Cyrus Northrop was the University’s second president. His 27-year term was the longest of any of the presidents. Initially reluctant to come to Minnesota because of the distance from his native New England and his income, he accepted the offer of the presidency contingent upon his salary being at least equal to what he made as professor of rhetoric and English literature at Yale and as collector of the port of New Haven. Historian of the University James Gray reported that the chair of the Board of Regents, John Sargent Pillsbury, rose to the challenge. “We have had to offer Northrop $6,000 [approximately $115,000 in 2000 dollars] a year to come,” he wrote, noting that this amount was almost twice the going rate for college or university presidents in the Midwest.

The new president won the hearts of students, faculty, and people of the state. “His reign was a beneficent monarchy,” E.B. Pierce wrote in Minnesota Alumnus in 1946. “There were not many rules and regulations—only his requests—and those through affection and great regard, became mandates. Never was a president more loved and revered by a student body.” Northrop was called “Prexy,” and on the days when he led chapel, students came en masse. The second stanza of the original version of “Hail, Minnesota!” was a tribute to Northrop: “Hail to thee, our Prexy, sire. Thou has made us all thine own. And our hearts one boon aspire, That our love may be thy throne.”

As Gray noted, Northrop’s strength was as a peacemaker. He served as an ambassador of goodwill for the University. Conway MacMillan, a botany professor and a friend of Northrop, once observed that Northrop’s chief service to the University was that he “sanctified the whole place.”

The Northrop years, if relatively placid and calm in the world of undergraduate education, were a time of innovation and expansion in graduate and professional programs. In 1889, John Sargent Pillsbury, a University regent and former governor, donated funds for a new science building (later named Pillsbury Hall). In addition to existing colleges and departments (e.g., arts, agriculture, engineering), new professional schools were established in education, dentistry, law, medicine, pharmacy, and nursing, as well as new undergraduate programs in home economics (human ecology) and forestry (natural resources).

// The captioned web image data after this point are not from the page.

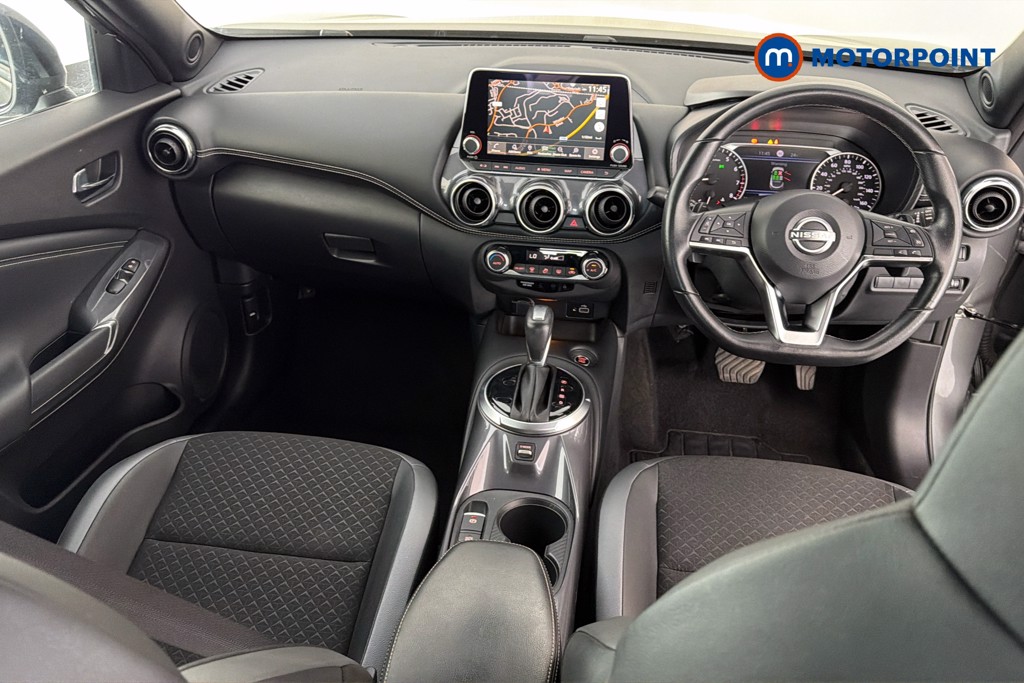 Nissan Juke N-Connecta Automatic Petrol SUV - Stock Number (1665101) - 1st supplementary image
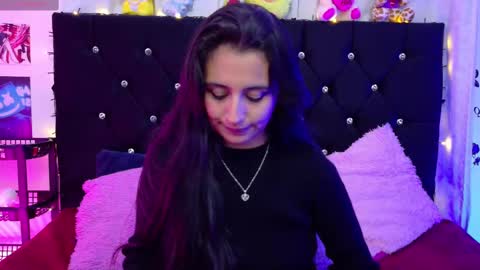 Snapshot of rose_smiley1 chatting on 09.25.25 Rose online show from 09.25.25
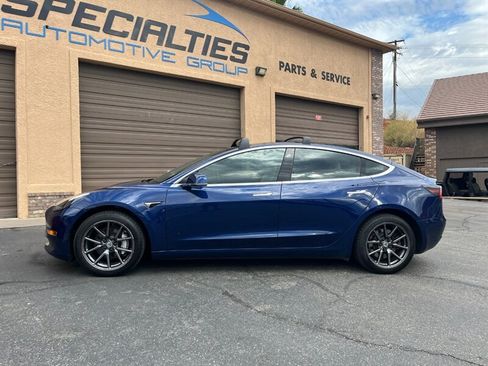 Used 2018 Tesla Model 3 Long Range AWD/4WD image 3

The University’s first doctoral degree was awarded in 1888. Research in agriculture was stimulated by funds appropriated by the Hatch Act funds received through the Experiment Station, and statewide outreach was carried out by the Agricultural Extension Service.

Northrop’s administration relied more on force of personality than on systems and structures. Initially he had no secretary. He had no vice presidents, no administrative assistants, and no formal budget. “His wastebasket was his filing cabinet,” writes historian James Gray. “No copies of letters were kept because, as he said, it was convenient to be the supreme... authority, at any given moment....”

Northrop tried to resign several times after he reached the age of 65, but the regents refused to comply with his request. It was impossible to imagine the University without Northrop. Finally, at age 77 he insisted, and the regents relented. He retired in 1911.